Wednesday, April 23, 2014

T is for "Three Dancers in Yellow Skirts." Edgar Degas.c 1899.

In this painting by Degas, we see three dancers waiting in the wings, one drinking water, the others lost in thought, but a tiny detail, the first dancer is in first position.

This is another photography angle painting.  Notice the left border is cut off and the dancers are caught informally.

The colors are so soft, no hard edges.  It almost looks like a pastel, and you are aware of shapes and colors.  The colors are perfect.  Quite a different kind of painting from my choice for "S." And if you click on the painting you can make it larger.


Three Dancers in Yellow Skirts.  Edgar Degas. 1899.  Oil on Canvas.  Dover Press



Tuesday, April 22, 2014

S is for "Singer with a Glove" Edgar Degas 1878

All you artists out there and appreciators of art will enjoy this painting, which shows Degas at his best in the use of color and composition.  He must have been intrigued by the affect of artificial light on singers and ballet dancers, especially how up-lighting has a way of changing features like skin tone, etc.

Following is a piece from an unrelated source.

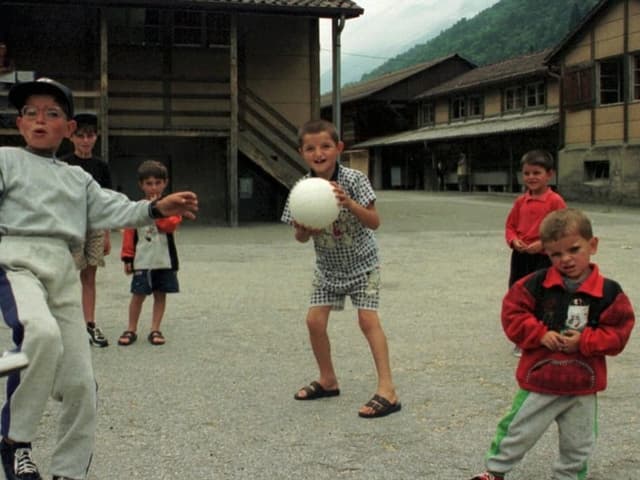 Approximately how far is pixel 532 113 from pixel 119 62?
1950cm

In researching this painting, I came across this blog which discusses the composition and use of color in this painting, especially interesting is the description of how Degas used color and what our eyes see.  My question would be:  as an artist paints, does he consciously think about these things as he paints, or is it a sub-conscious?  I have added this blog address, so much better than my trying to paraphrase the words.  Color theory is fascinating, I will let this blog be my guest blogger. You have to copy and paste the blog address.

http://aboveboards-art.blogspot.com/2011/05/singer-with-glove.html



Singer with  a  Glove, 1878,  Edgar Degas,.  Pastel on canvas.   Dover Publications






Monday, April 21, 2014

R is for Racehorses at Longchamp 1873-1875, Edgar Degas

This small painting, 11x15 inches, c. 1873-1875, was purchased by the Boston Museum of Fine Arts in 1903, for $12,000,* which contradicts the written comment that Degas only sold one painting to a museum in his lifetime.  "The Cotton Market in New Orleans" was the other one. Although this painting was purchased from one of the several buyers of the work, it was not sold directly by Degas to the museum.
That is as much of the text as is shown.